## SUPPLIED MATERIAL
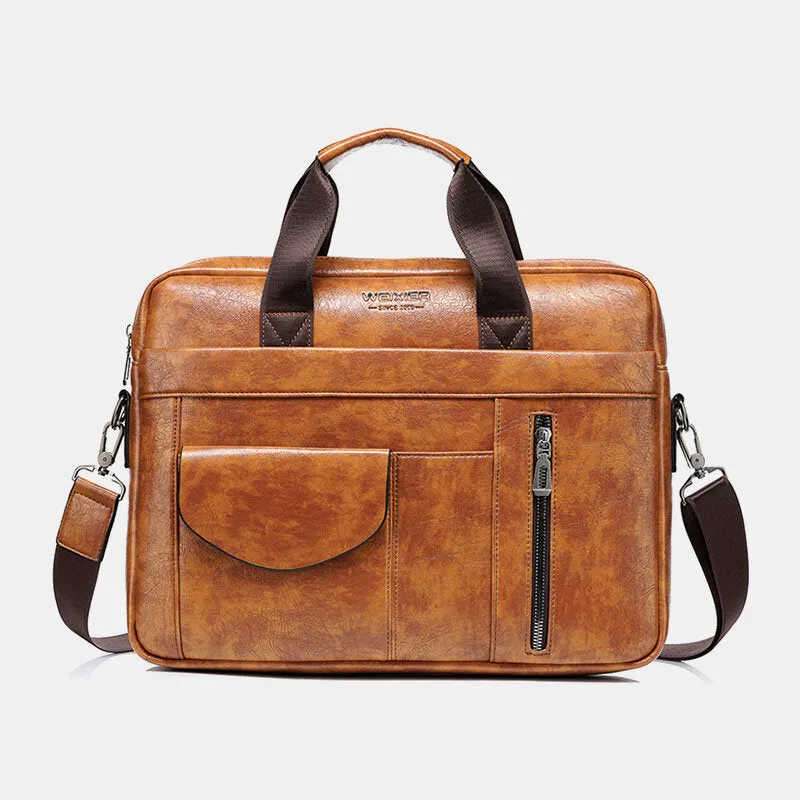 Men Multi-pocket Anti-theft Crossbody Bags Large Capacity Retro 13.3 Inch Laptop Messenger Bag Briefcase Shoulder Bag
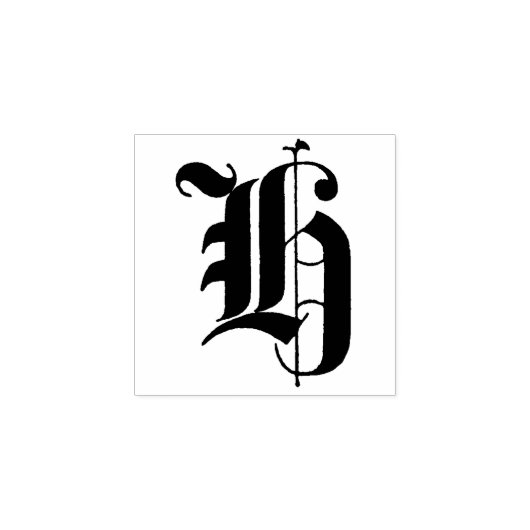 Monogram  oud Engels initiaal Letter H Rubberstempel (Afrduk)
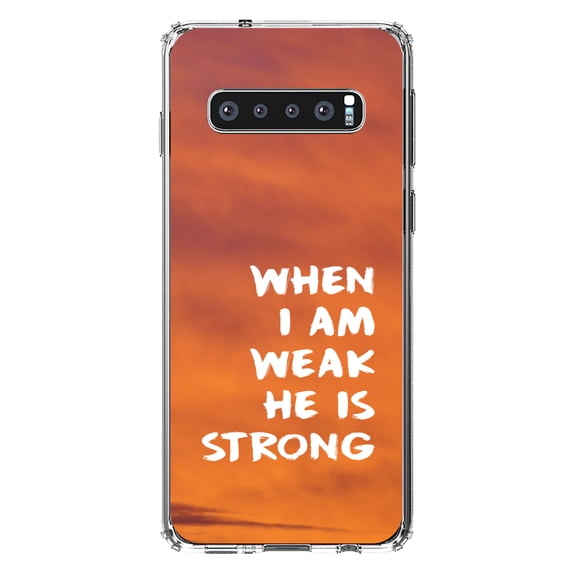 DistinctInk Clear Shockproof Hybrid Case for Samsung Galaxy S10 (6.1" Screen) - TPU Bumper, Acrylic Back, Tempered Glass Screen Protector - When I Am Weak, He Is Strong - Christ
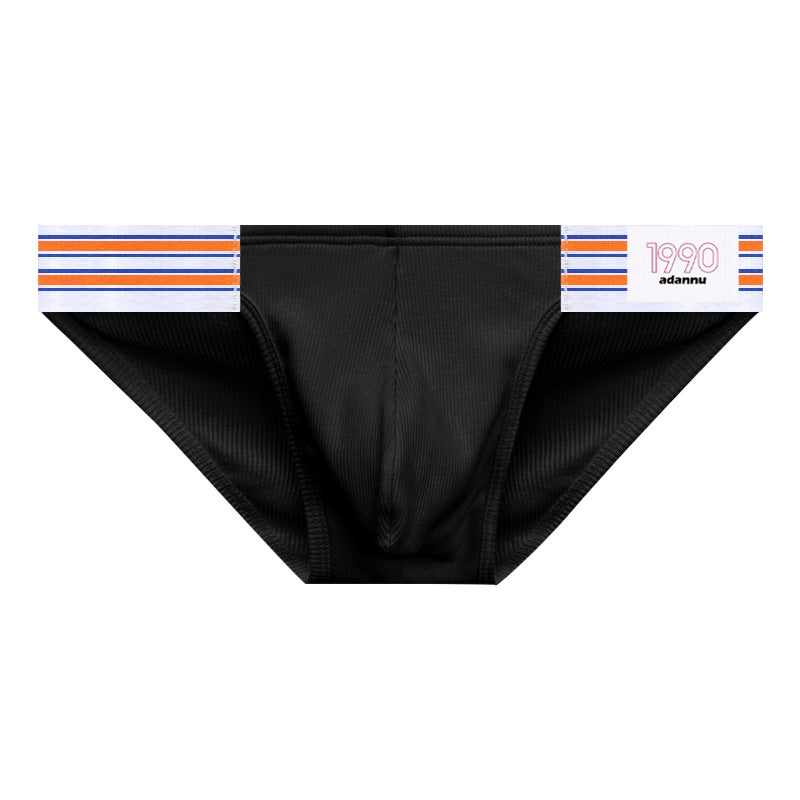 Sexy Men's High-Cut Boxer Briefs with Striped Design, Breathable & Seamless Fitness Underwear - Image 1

## TRY IT
Drop the pictures and copy the data exactly.

## RESULT FOR THIS EXERCISE
 Men Multi-pocket Anti-theft Crossbody Bags Large Capacity Retro 13.3 Inch Laptop Messenger Bag Briefcase Shoulder Bag
 Monogram  oud Engels initiaal Letter H Rubberstempel (Afrduk)
 DistinctInk Clear Shockproof Hybrid Case for Samsung Galaxy S10 (6.1" Screen) - TPU Bumper, Acrylic Back, Tempered Glass Screen Protector - When I Am Weak, He Is Strong - Christ
 Sexy Men's High-Cut Boxer Briefs with Striped Design, Breathable & Seamless Fitness Underwear - Image 1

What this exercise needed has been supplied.